Excerpted data section start

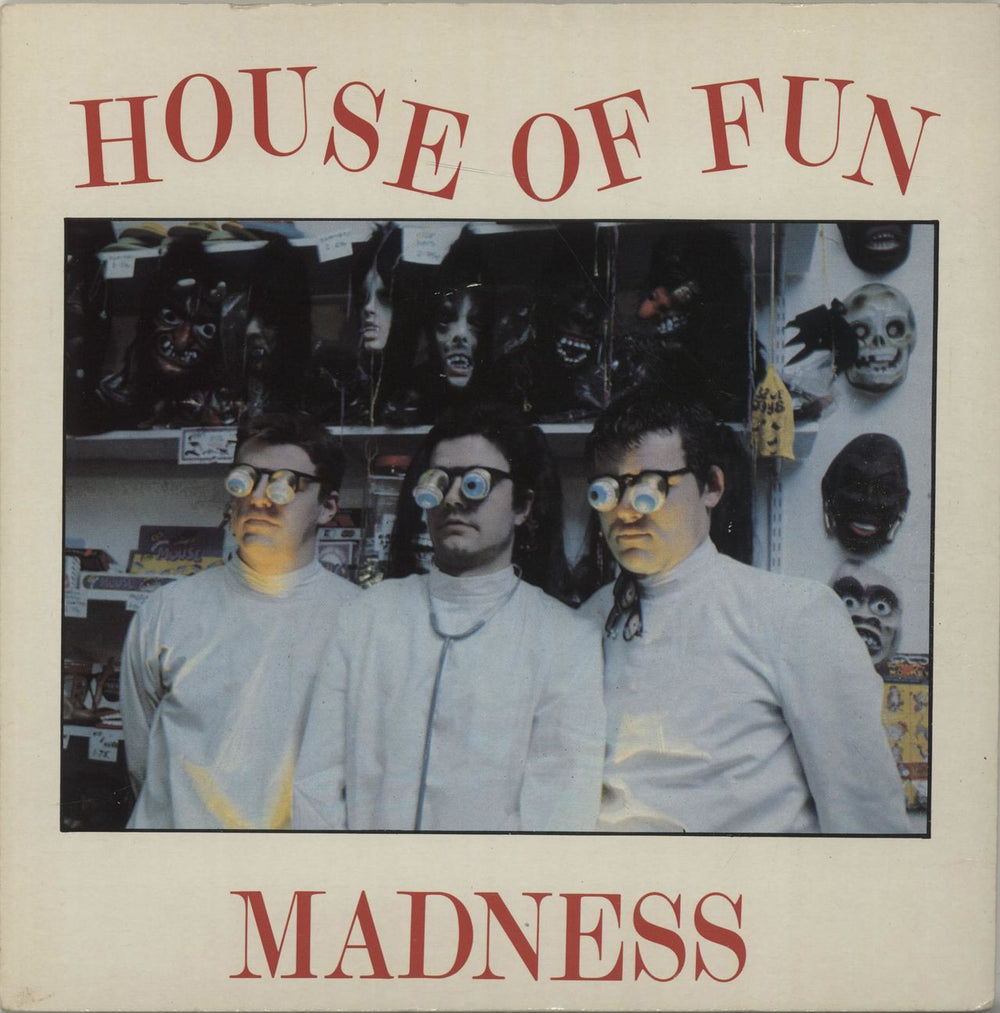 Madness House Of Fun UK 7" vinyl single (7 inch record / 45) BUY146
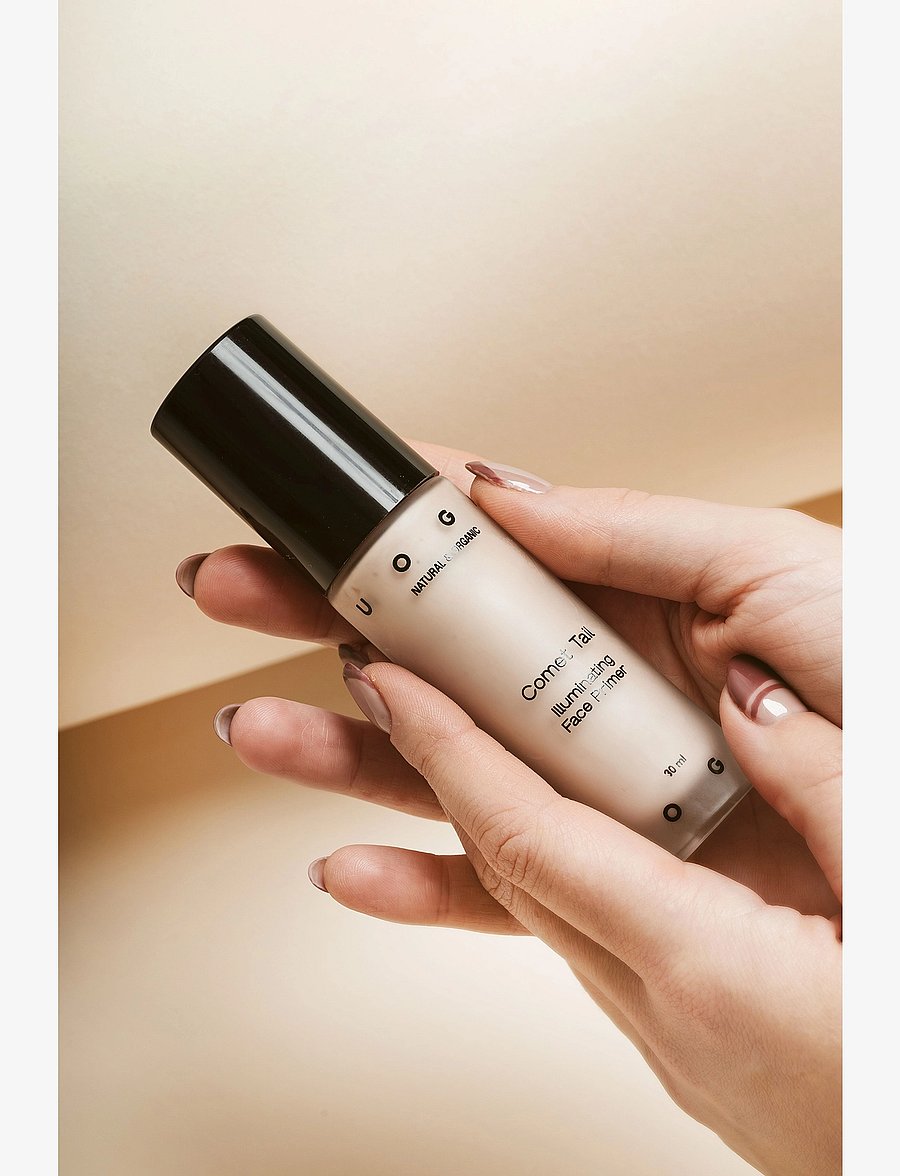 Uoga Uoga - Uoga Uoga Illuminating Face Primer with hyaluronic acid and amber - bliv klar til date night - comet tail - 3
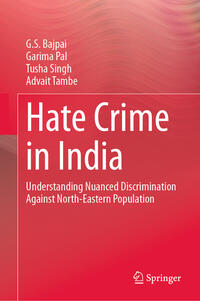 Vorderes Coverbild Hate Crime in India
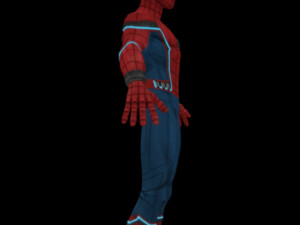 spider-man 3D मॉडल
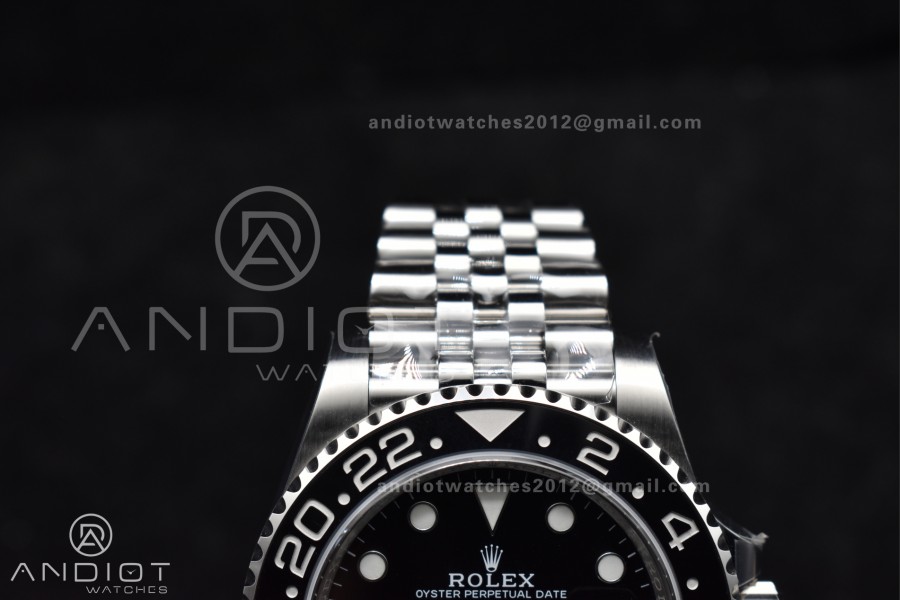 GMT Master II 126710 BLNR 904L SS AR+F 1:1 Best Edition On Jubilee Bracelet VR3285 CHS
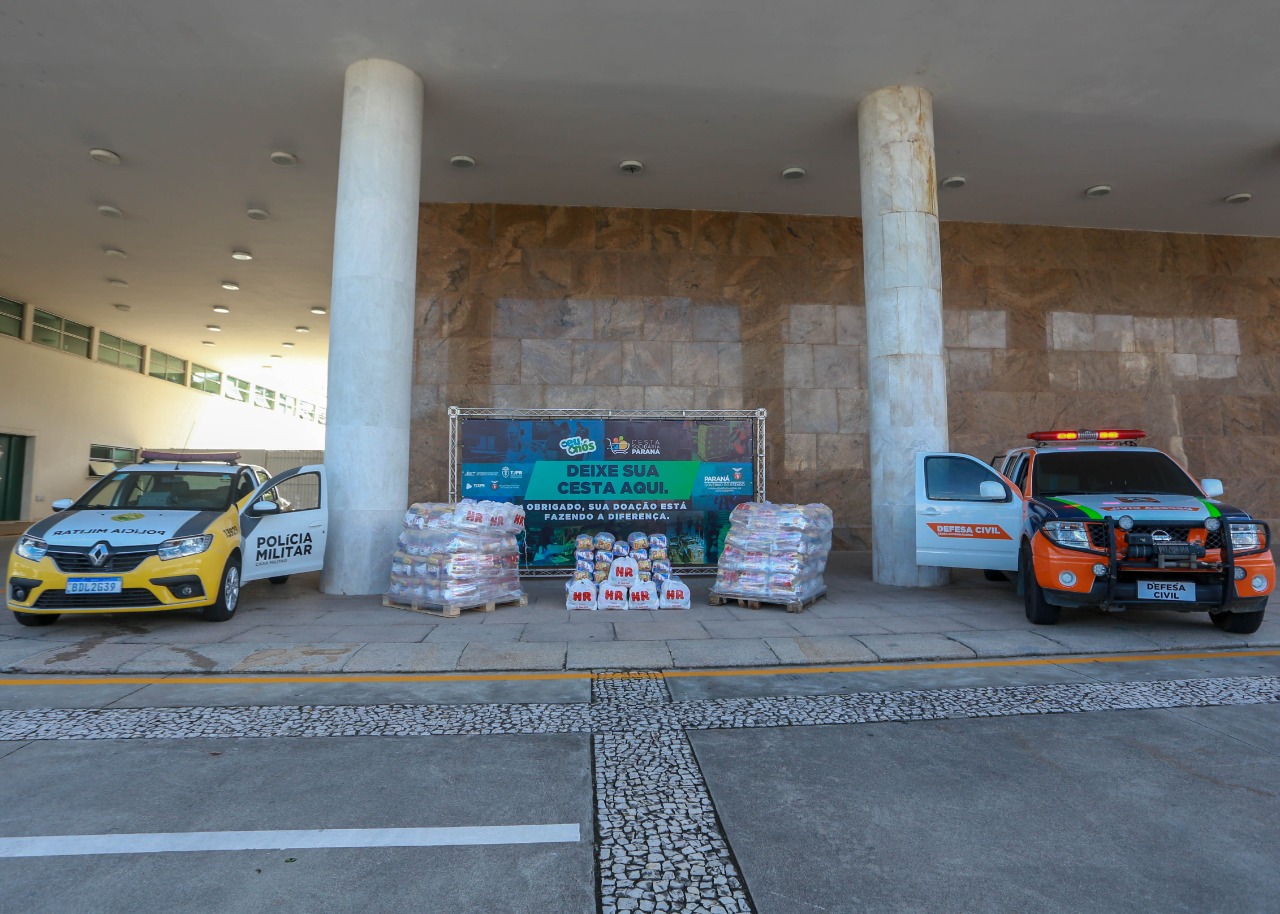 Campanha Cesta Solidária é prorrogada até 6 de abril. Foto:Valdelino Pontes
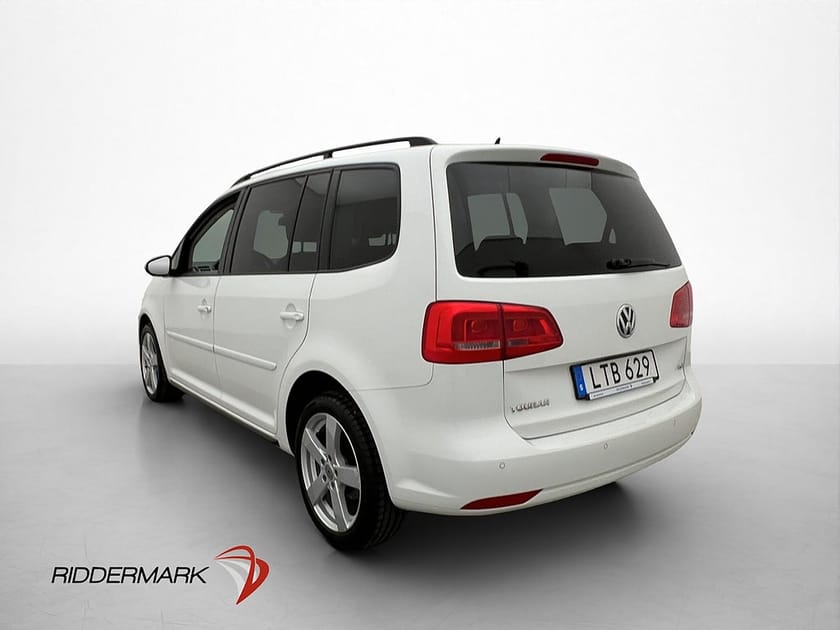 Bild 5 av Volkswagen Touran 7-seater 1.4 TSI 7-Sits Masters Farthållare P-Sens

Excerpted data section end

__What the exercise asks__. Everything from the line with "Uoga Uoga - Uoga" through the end of the records is to be repeated exactly. The pictures are not.

__Response below__.
 Uoga Uoga - Uoga Uoga Illuminating Face Primer with hyaluronic acid and amber - bliv klar til date night - comet tail - 3
 Vorderes Coverbild Hate Crime in India
 spider-man 3D मॉडल
 GMT Master II 126710 BLNR 904L SS AR+F 1:1 Best Edition On Jubilee Bracelet VR3285 CHS
 Campanha Cesta Solidária é prorrogada até 6 de abril. Foto:Valdelino Pontes
 Bild 5 av Volkswagen Touran 7-seater 1.4 TSI 7-Sits Masters Farthållare P-Sens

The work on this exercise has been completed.